(Data to examine begins)
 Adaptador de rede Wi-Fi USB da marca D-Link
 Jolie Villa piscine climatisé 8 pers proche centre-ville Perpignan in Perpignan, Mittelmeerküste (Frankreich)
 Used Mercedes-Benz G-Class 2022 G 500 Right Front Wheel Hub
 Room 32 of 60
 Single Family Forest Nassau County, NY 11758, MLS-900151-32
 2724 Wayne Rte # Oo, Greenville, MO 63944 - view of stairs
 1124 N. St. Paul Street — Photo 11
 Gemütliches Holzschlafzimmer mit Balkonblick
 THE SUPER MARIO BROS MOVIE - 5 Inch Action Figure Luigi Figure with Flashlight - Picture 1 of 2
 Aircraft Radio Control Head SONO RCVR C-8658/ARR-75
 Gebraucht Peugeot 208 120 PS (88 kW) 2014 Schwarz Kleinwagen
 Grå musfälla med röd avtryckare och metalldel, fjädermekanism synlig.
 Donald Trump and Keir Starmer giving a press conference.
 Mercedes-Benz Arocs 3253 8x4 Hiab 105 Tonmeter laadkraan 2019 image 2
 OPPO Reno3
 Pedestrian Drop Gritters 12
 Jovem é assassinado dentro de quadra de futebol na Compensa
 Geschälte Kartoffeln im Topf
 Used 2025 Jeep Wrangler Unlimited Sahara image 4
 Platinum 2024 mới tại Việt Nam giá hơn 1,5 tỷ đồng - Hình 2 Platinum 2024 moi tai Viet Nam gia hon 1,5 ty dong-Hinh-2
(Data to examine ends)
The lines to output run from the one containing "Jovem é assassinado" through the last line of the records above; repeat them exactly and nothing more.

 Jovem é assassinado dentro de quadra de futebol na Compensa
 Geschälte Kartoffeln im Topf
 Used 2025 Jeep Wrangler Unlimited Sahara image 4
 Platinum 2024 mới tại Việt Nam giá hơn 1,5 tỷ đồng - Hình 2 Platinum 2024 moi tai Viet Nam gia hon 1,5 ty dong-Hinh-2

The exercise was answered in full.